I'm getting a new camera for Xmas- Canon PowerShot A570IS.  I know it is not up to snuff with some of the stuff some of you guys use, but hopefully, it will be decent enough for website photos.

Anyway, after reading some of the posts on lighting I took a trip to WalMart, found the 6500k daylight fourescent bulbs.  They have 40, 60, 75, and 100 watt.  If it was mentioned in the other posts I missed it and of course I can't find what I read about last night.

Can someone tell me what wattage I should get?

Also, if I understand correctly, I need 5 lights for the lightbox- Top, Back, Left, Right and front by the camera.  Is that correct?

I can't post any pics yet 'cause I don't have the pens or photo equip, but you can count on something after Xmas.

Thanks
Dick


----------



## Daniel (Dec 12, 2007)

Dick, Both of my side lights are 500 watt halogen. my front light is a 75 watt incandescent. I use no top light or back light If on occasion I do I just grad a 24 inch florescent shop light as I like florescent for my back light. never had a need for top lighting


----------



## MesquiteMan (Dec 12, 2007)

Dick,

I have never seen a 100 watt floursecent.  Are you sure that is what they were?  I would guess that they are regular incandescent.

I was told to use 5,000k CF lights in as large as I could get.  I belive my bulbs are 23 or 25 watt.  I have 3 of them and use the large metal work lights for reflectors.  I think I am getting good light and really good pictures.

Hope that helps.


----------



## gketell (Dec 12, 2007)

You only need three.  Left, right and "front".  

If you want zero shadow move left light a little backward to light the object and behind it and the right light a little forward to light the object and in front of it.  Obviously, left/right/front/back doesn't matter which goes where.  The "front" light can be used wherever you want to stick it for best reflection.

Daylight CFLs make it easy if your camera can't do a manual white balance.  If it can then any bulb will work, just make all three the same.

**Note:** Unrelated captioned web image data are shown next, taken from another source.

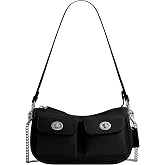COACH Twin Turnlock Waverly Bag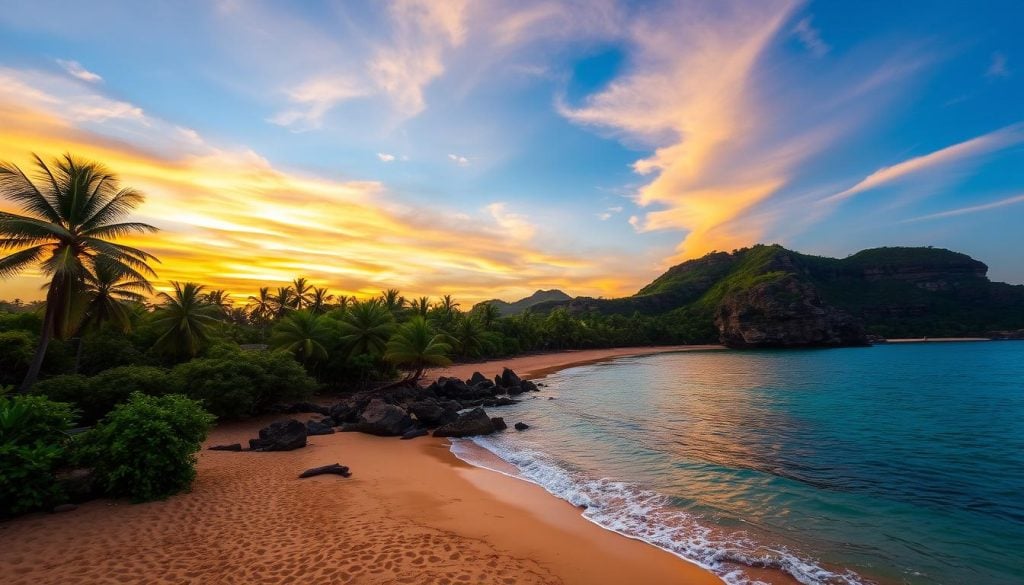 Must-visit beaches near Sigiriya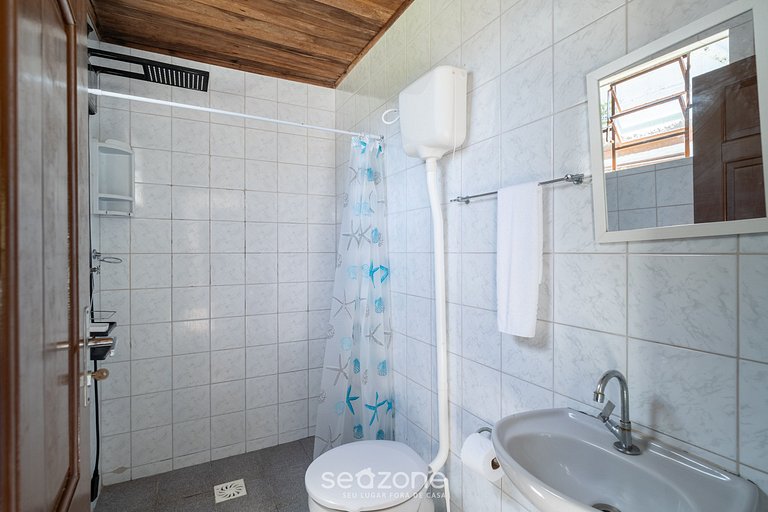 Casa c/ 2 Dormitorios a 650 m de la Playa ADU0440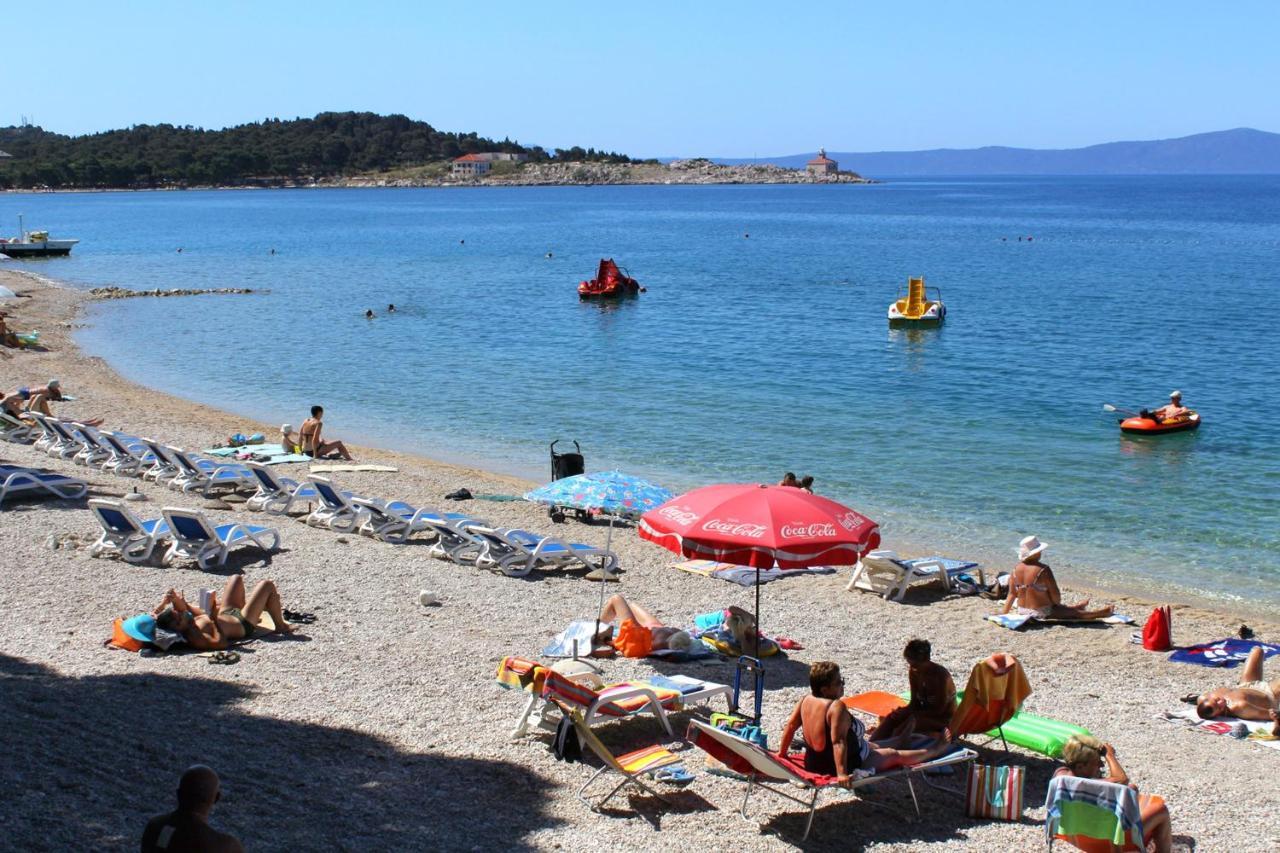 Apartments With A Parking Space Makarska - 11361 외부 사진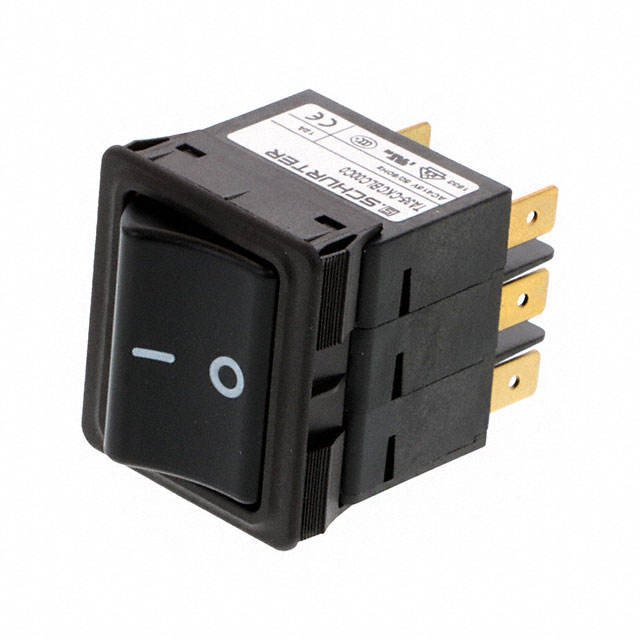 4435.0018 SCHURTER Inc. Disyuntores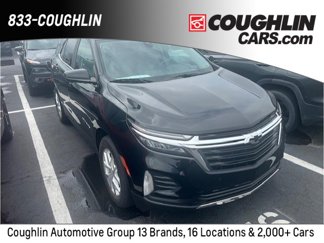 Used 2022 Chevrolet Equinox LT image 1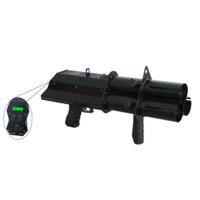 Pistola fx gun sparacoriandoli - 3 postazioni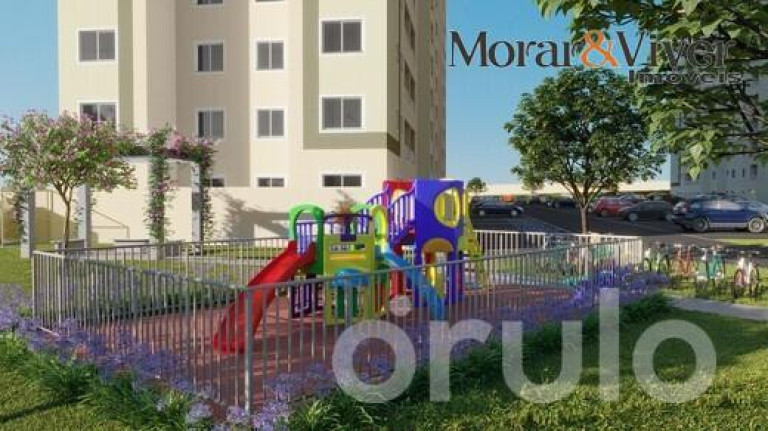 Imagem Apartamento com 2 Quartos à Venda, 43 m² em Bairro Alto - Curitiba
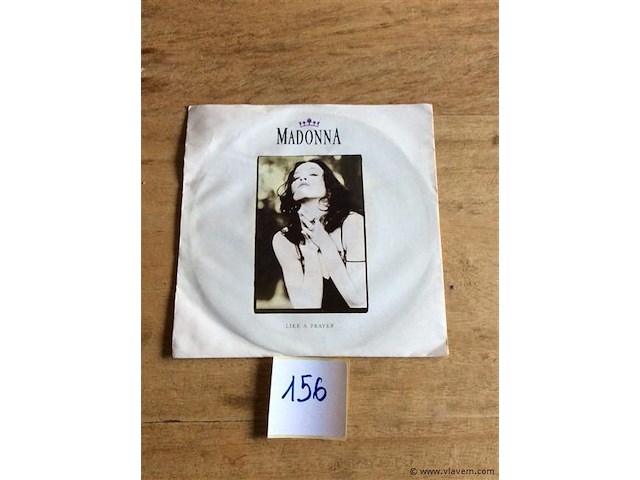 Single madonna - afbeelding 1 van  2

The brighter the better so your camera can shoot fast (reducing shake issues) and with a small aperture (to give you maximum depth of field).

GK


----------



## Marc Phillips (Dec 12, 2007)

I use 4 photo fluorescent light bulbs. These bulbs have a color temperature of 5100k. Each bulb is the equivalent of 150 watts. of tungsten light.

Length of bulb is 7"
5100K color temperature
Flicker free bulbs designed for video and digital photography
Light output per bulb 2800 lumens

These are available on Ebay... and they wont fit in a regular reflector... the base is too large.


----------



## dickhob (Dec 12, 2007)

Thanks Guys,
I am sure there was a 100watt bulb (maybe these are equivalent to 100watt- I simply don't remember now- I knew I should have written it down).  These are GE bulbs.  I'll post some pics when I get set up.

Thanks again
Dick


----------



## rherrell (Dec 13, 2007)

26W , 100W equivalent , 6500K compact fluorescent X3 is what I have. Got 'em at Wal-Mart.


----------



## gerryr (Dec 13, 2007)

> _Originally posted by dickhob_
> <br />Thanks Guys,
> I am sure there was a 100watt bulb (maybe these are equivalent to 100watt- I simply don't remember now- I knew I should have written it down).  These are GE bulbs.  I'll post some pics when I get set up.
> 
> ...



If these are GE Reveal bulbs you must use manual white balance because the color temperature is 3200K.


----------